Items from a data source
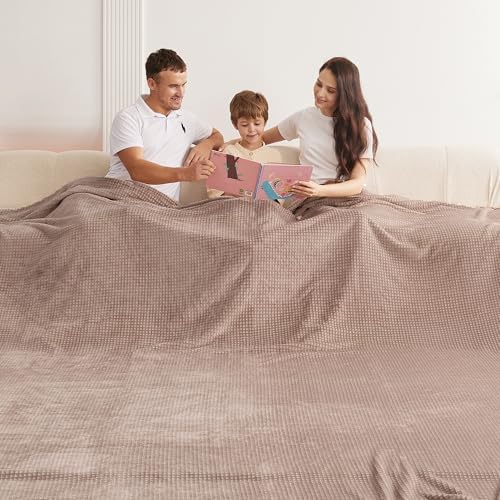 Oversized King Fleece Blanket 120x120 Inches, Seamless Soft Cozy 3D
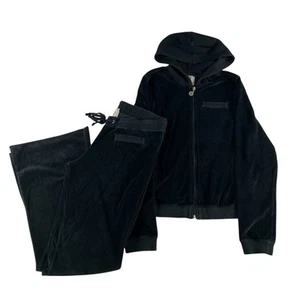 BD Sweats Bella Dahl Velour Lounge Set Women Size Medium Black Velvet Track Suit - Picture 1 of 11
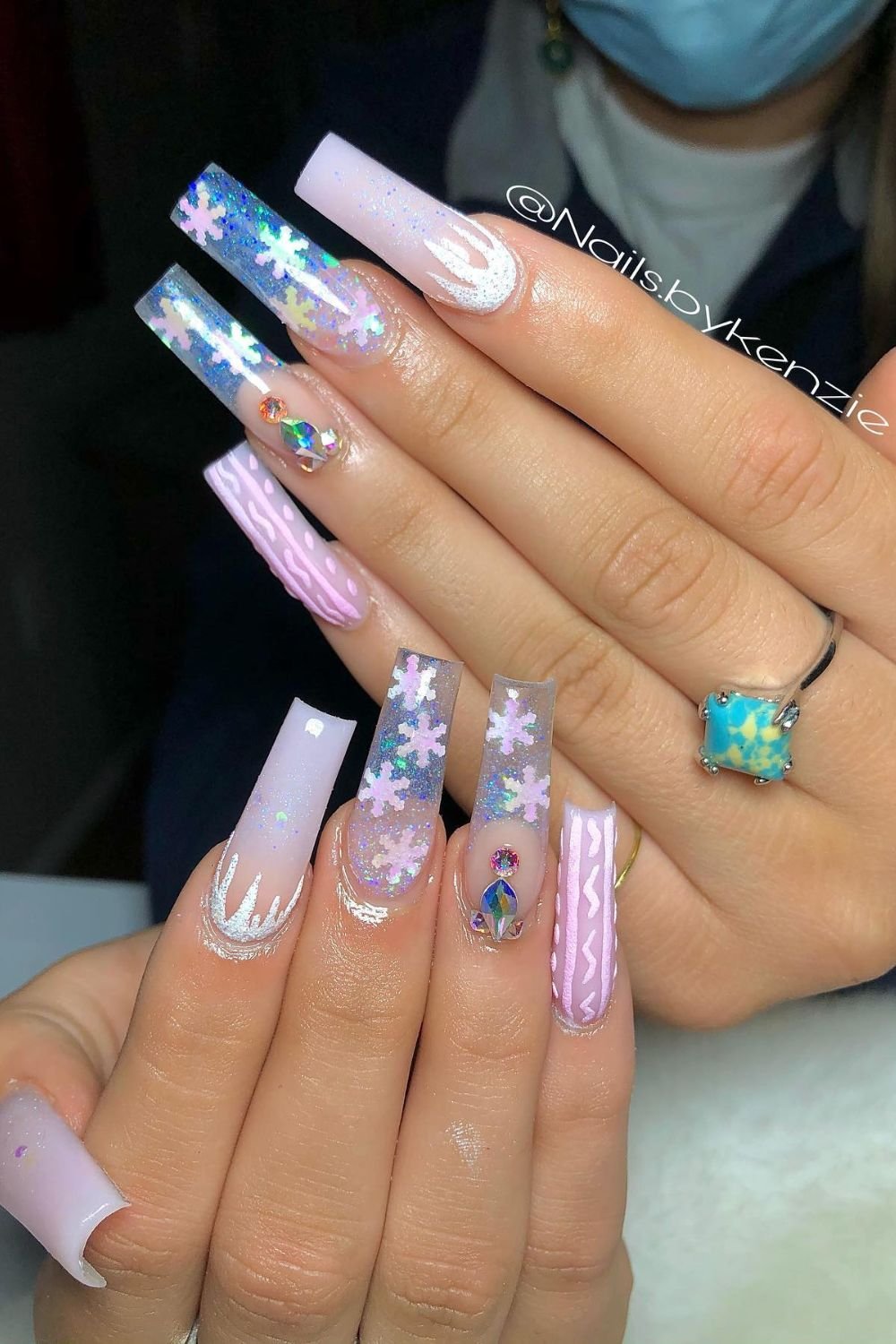 Icy Pink Snowflakes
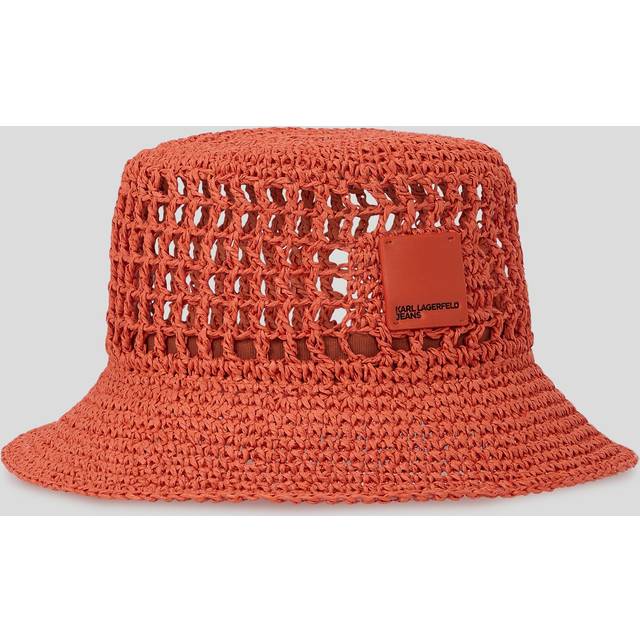 Karl Lagerfeld, Box Logo Raffia Bucket Hat, Woman, Poinciana, Size: One size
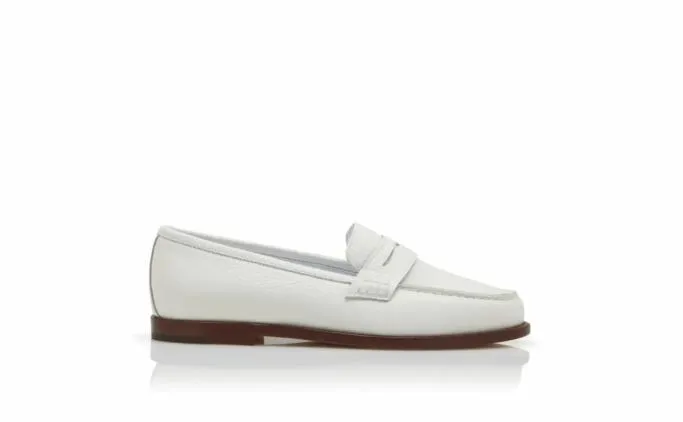 Flats Women Manolo Blahnik PERRITAWhite Calf Leather Penny Loafers Flats Women Manolo Blahnik PERRITAWhite Calf Leather Penny Loafers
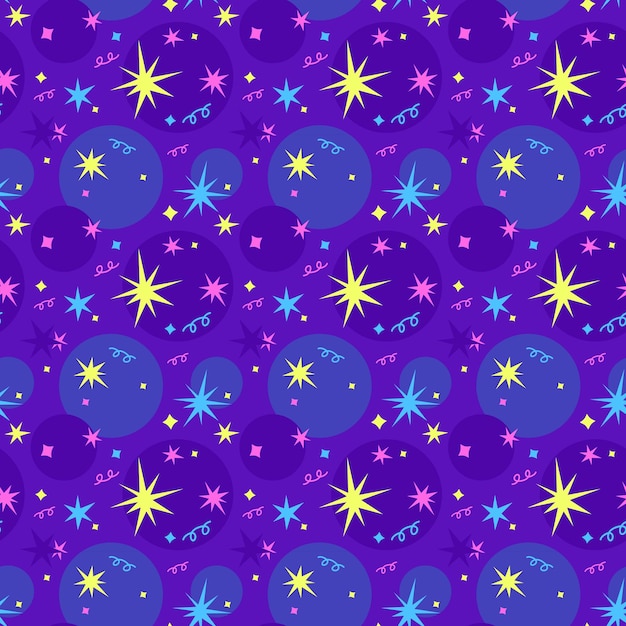 Patrón de estrellas de dibujos animados Estrellas cósmicas en la oscuridad Ilustración vectorial cósmica del cielo nocturno Fondo de galaxia sin costura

*Task requirements*: What's needed is an exact retyping of the records, pictures excluded.

*Your solution*:
 Oversized King Fleece Blanket 120x120 Inches, Seamless Soft Cozy 3D
 BD Sweats Bella Dahl Velour Lounge Set Women Size Medium Black Velvet Track Suit - Picture 1 of 11
 Icy Pink Snowflakes
 Karl Lagerfeld, Box Logo Raffia Bucket Hat, Woman, Poinciana, Size: One size
 Flats Women Manolo Blahnik PERRITAWhite Calf Leather Penny Loafers Flats Women Manolo Blahnik PERRITAWhite Calf Leather Penny Loafers
 Patrón de estrellas de dibujos animados Estrellas cósmicas en la oscuridad Ilustración vectorial cósmica del cielo nocturno Fondo de galaxia sin costura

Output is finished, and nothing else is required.